Carlos Gilberto Mendes (born 3 May 1966) is a Mozambican actor and politician.

==Biography==
Mendes was born in Maputo in 1966. In December 1977 he broke his first national swimming record and was a member of the Mozambican national team for years.

In 1985, he was chosen to play the leading role in the first feature film entirely Mozambican, entitled O Vento Sopra do Norte, directed by José Cardoso and produced by the National Film Institute. The film tells the story of Mozambique's war of independence involving the guerrilla movement of Frelimo and the Portuguese colonial troops. In 1988, he joined the Mutumbela Gogo cultuaral group. Mendes participated in the play Nove Horas after an actor had an ulcer and passed out, an experience which made him very anxious. Mendes starred in the 1991 film A Child from the South, directed by Sergio Resende. In 1992, he left Mutumbela Gogo and acquired the cinemas Matchedje (1000 seats) and Estúdio 222 (222 seats), as well as founding his own theater company, Gungu. The Matchedje cinema was formerly abandoned and served as a warehouse for stolen goods from the Port Maputo.

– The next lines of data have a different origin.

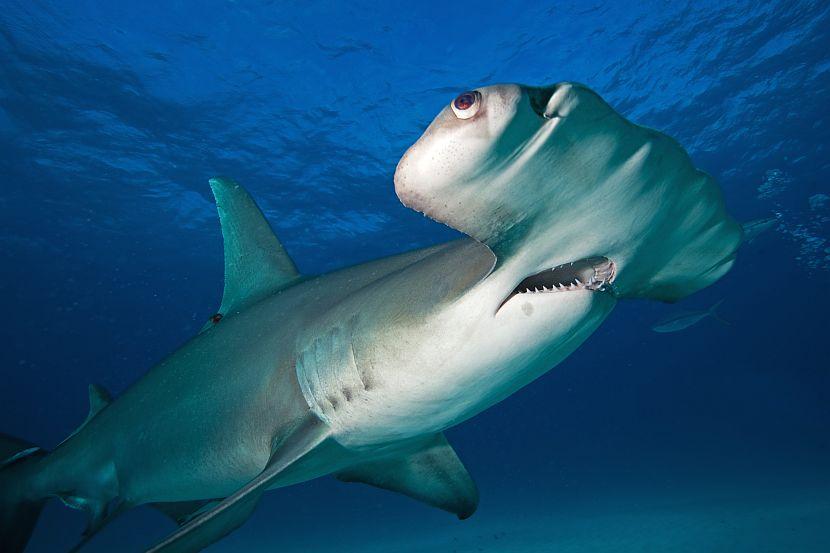 Great Hammerhead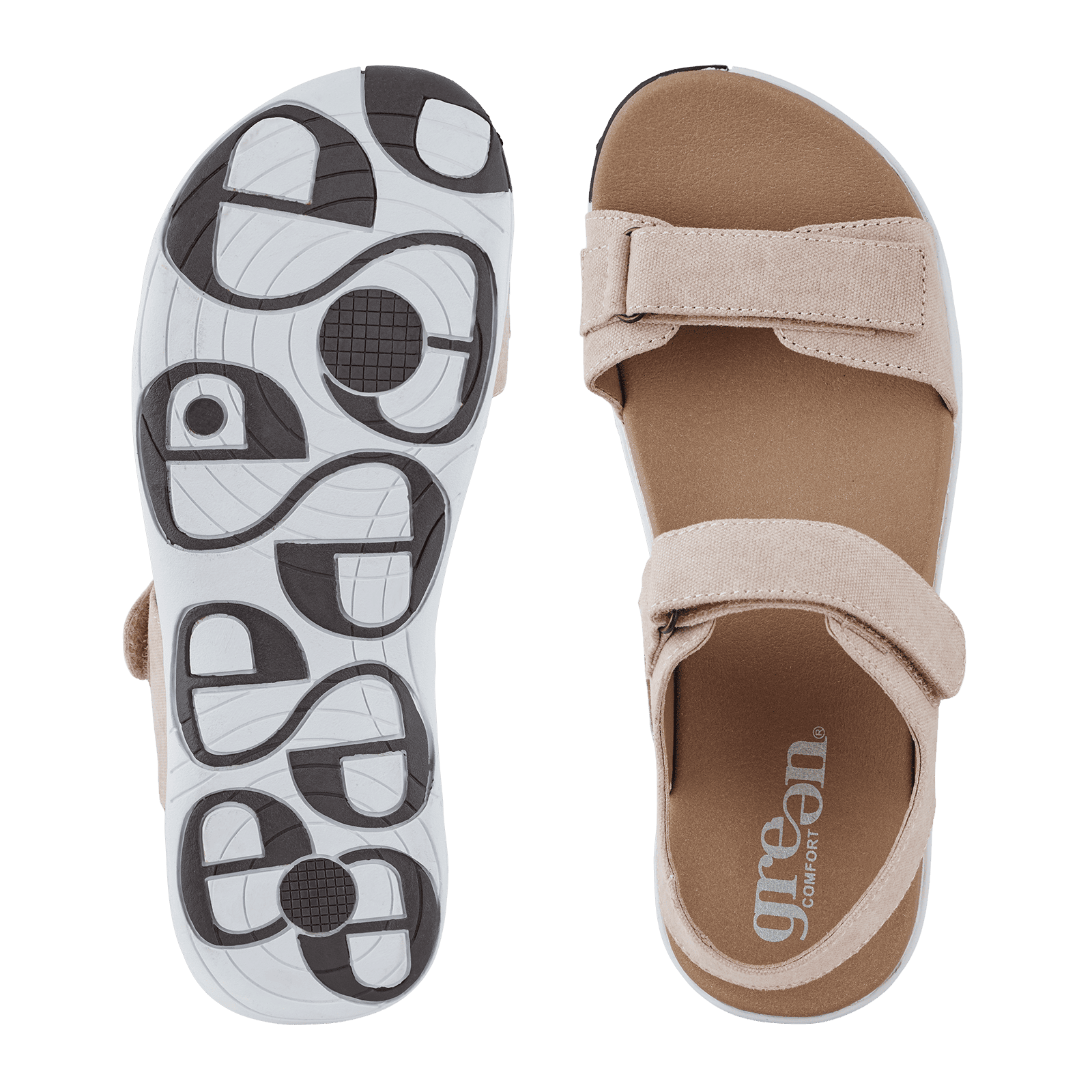 CORSICA CHRISTA - ROSE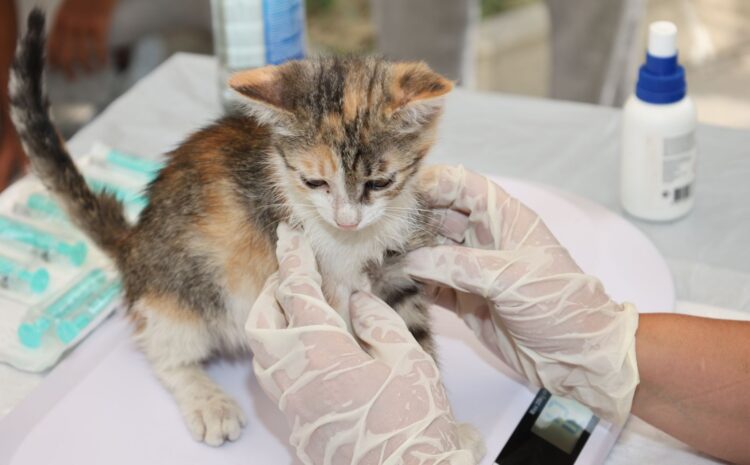  Tratamiento PIF: Guía sobre la Peritonitis Infecciosa Felina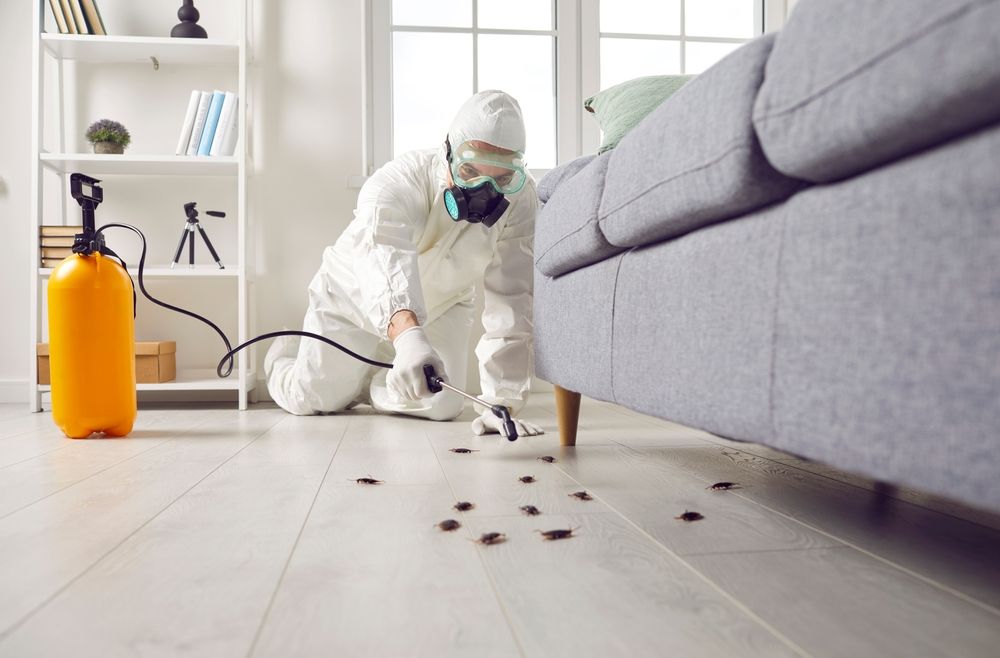 Pest control worker in protective gear sprays near a sofa in a living room, with scattered insects on the floor.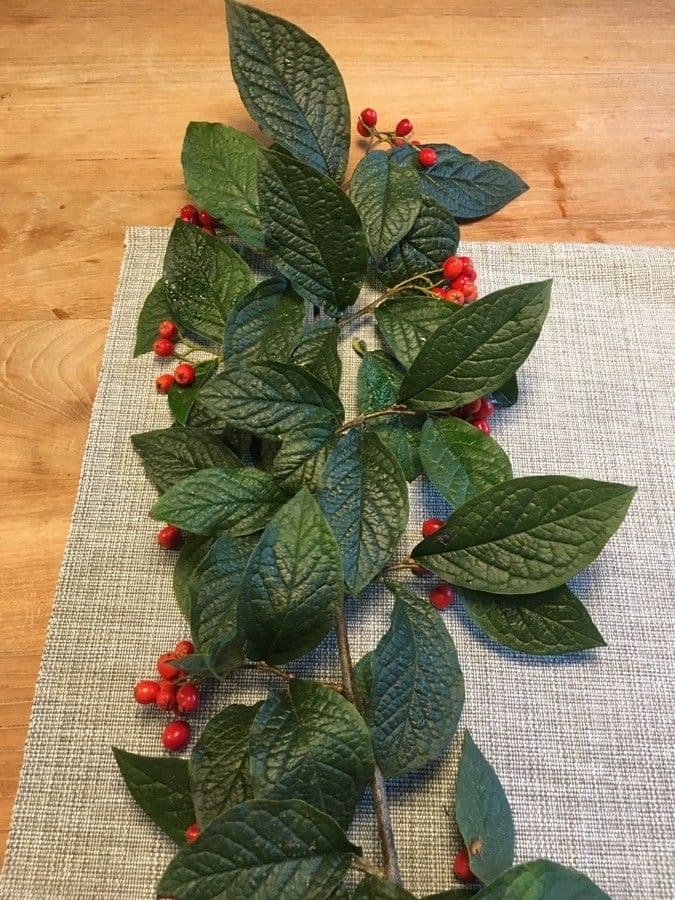 Cotonéaster 16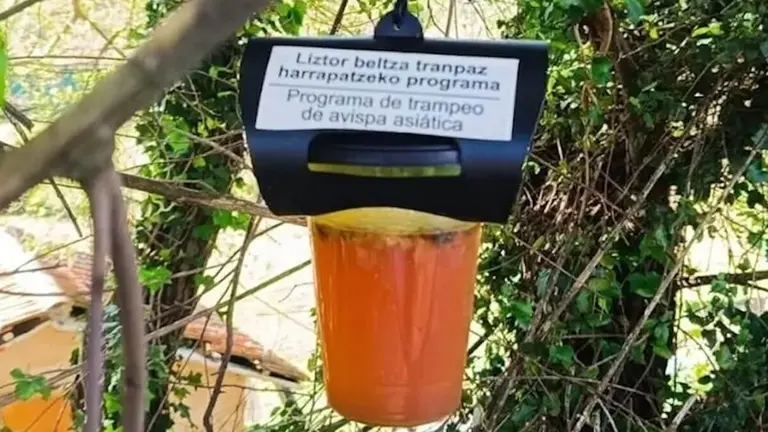 exito-trampe-avispa-asiatica-ortuella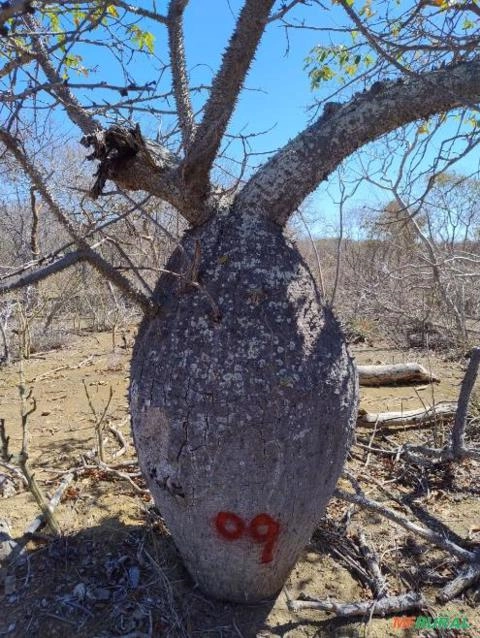 Cavallinesia Arbórea Imagem Cavallinesia Arbórea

In 1995, he received the Lusophone Merit Award from the Portuguese-Brazilian Foundation for the Development of the Portuguese Language. In 1996, Mendes began his 10-year career as a host of the Fantasia musical television program. From 2010 to 2014, he served as president of the Mozambique Swimming Federation. In January 2020, Mendes was appointed Secretary of State for Sports.